As provas obtidas pela operação "spoofing", que investigou a invasão de celulares de autoridades, são aceitáveis e lícitas, no processo penal brasileiro, diante da regra de proibição probatória escolhida pelo Constituinte? Uma coisa é, naquela operação, tais informações virem a constituir o próprio corpo do delito indicativo de hackeamento e tudo o mais que pode ter havido em prejuízo dos vitimados, que tiveram conversas e diálogos captados, ao que parece, à margem da lei. Outra é a consideração se aqueles diálogos e mensagens, após autorização do STF no Agravo Regimental da Reclamação 43.007, podem ser usados pela defesa de algum investigado ou réu que pretenda utilizar em sua defesa possivelmente escandalosos comportamentos de juiz e procuradores da República, com vistas a anular persecuções penais injustas.

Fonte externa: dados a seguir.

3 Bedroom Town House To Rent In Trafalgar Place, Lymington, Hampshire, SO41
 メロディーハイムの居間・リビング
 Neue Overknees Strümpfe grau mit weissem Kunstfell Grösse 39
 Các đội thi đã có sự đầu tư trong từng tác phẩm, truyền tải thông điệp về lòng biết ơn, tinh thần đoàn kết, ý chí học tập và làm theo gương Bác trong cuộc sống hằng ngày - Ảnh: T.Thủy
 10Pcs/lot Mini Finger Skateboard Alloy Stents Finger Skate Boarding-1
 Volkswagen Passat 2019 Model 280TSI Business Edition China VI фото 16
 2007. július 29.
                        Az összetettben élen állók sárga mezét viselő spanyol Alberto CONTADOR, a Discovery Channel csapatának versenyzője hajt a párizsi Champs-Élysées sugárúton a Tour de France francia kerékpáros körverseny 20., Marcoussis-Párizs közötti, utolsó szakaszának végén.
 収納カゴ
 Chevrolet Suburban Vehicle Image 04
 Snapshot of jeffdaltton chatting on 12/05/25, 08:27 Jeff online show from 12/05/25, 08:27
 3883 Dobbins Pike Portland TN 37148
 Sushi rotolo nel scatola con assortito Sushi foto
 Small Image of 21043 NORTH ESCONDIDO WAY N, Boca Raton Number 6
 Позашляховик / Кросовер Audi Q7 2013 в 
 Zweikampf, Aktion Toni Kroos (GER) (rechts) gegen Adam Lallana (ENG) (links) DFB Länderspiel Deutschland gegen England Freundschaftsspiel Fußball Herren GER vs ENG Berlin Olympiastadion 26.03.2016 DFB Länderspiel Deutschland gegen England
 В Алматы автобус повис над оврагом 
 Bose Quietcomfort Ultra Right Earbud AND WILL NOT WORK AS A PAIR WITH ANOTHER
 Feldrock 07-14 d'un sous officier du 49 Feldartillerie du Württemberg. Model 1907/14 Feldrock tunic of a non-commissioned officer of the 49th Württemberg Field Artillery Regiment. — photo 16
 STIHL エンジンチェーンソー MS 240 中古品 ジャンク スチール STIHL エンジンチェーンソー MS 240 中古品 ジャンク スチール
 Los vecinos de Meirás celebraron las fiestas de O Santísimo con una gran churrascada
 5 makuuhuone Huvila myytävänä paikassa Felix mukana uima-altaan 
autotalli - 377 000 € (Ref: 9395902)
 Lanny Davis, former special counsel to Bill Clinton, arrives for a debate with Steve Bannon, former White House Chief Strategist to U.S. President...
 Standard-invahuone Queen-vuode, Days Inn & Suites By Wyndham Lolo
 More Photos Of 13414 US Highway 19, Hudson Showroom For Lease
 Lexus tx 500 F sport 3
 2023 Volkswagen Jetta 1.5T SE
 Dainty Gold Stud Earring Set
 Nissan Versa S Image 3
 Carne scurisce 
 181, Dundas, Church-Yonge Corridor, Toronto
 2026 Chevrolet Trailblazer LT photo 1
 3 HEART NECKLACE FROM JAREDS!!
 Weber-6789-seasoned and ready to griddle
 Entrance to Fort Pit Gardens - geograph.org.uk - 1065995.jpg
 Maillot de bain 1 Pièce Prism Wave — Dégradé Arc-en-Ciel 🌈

Só se admitirá a expressão "prova" se estivermos além da plano da discussão sobre licitude ou ilicitude, ou seja: a prova ilícita, para o processo penal, é uma contradição em termos. Por ser ilícita, não é prova; e pela já aludida proscrição constitucional, não pode ser admitida. Prova, por definição, é conhecimento licitamente produzido, o que naturalmente supõe que algum juiz a admita, ou seja, a tome como válida.
Um passo além: se estivermos no terreno da licitude e, portanto, pudermos discutir de que prova estamos falando, só então seguiremos para o plano da valoração: o STF validou as informações que, a conta-gotas estratégico, têm sido vazadas na imprensa, para então aludir a elas no referido julgamento? Não se perca de vista a motivação da pergunta: o STF atestou a validade das informações, para só assim num passo lógico-jurídico subsequente as valorar, ou valorou as informações à margem de considerar a informação válida?
No referido julgamento, os ministros Ricardo Lewandowski e Gilmar Ferreira Mendes, malgrado tenham concluído em sentido semelhante ao reconhecer a suspeição do coach de procuradores da República oficiantes em alguns casos, assumiram perspectivas radicalmente dissonantes. Enquanto o primeiro deles encampou o entendimento de que as tais conversas contidas na chamada operação "vaza jato" não se consideram ilícitas em princípio, o segundo escapou — em parte — dessa abordagem.
Lewandowski se posicionou a favor da admissibilidade de prova que seria originariamente ilícita — e portanto inadmissível, e uma não prova — ao assumir a estreita utilização das informações questionadas em prol do direito de defesa. Gilmar Mendes não adotou como razão de decidir, e nem mesmo para justificar as longas e pesadas considerações valorativas sobre tais informações, aquelas indicadas por Lewandowski. Ainda assim, levou em consideração, amplamente, as próprias informações ao longo de seu voto.
Diante do grave problema em discussão, no âmbito do STF, deve ser considerada, com a devida importância, a observância à necessidade de prévio reconhecimento da licitude de qualquer informação do processo penal, para só em um segundo momento valorar essa mesma informação. O ponto para o debate é a necessidade de escrupuloso controle na obtenção e na admissibilidade de qualquer informação no processo penal, como fases necessariamente prévias à sua valoração. Não é possível se valorar alguma informação, sem antes atestar sua regularidade para fins de qualquer consideração dentro de um caso penal.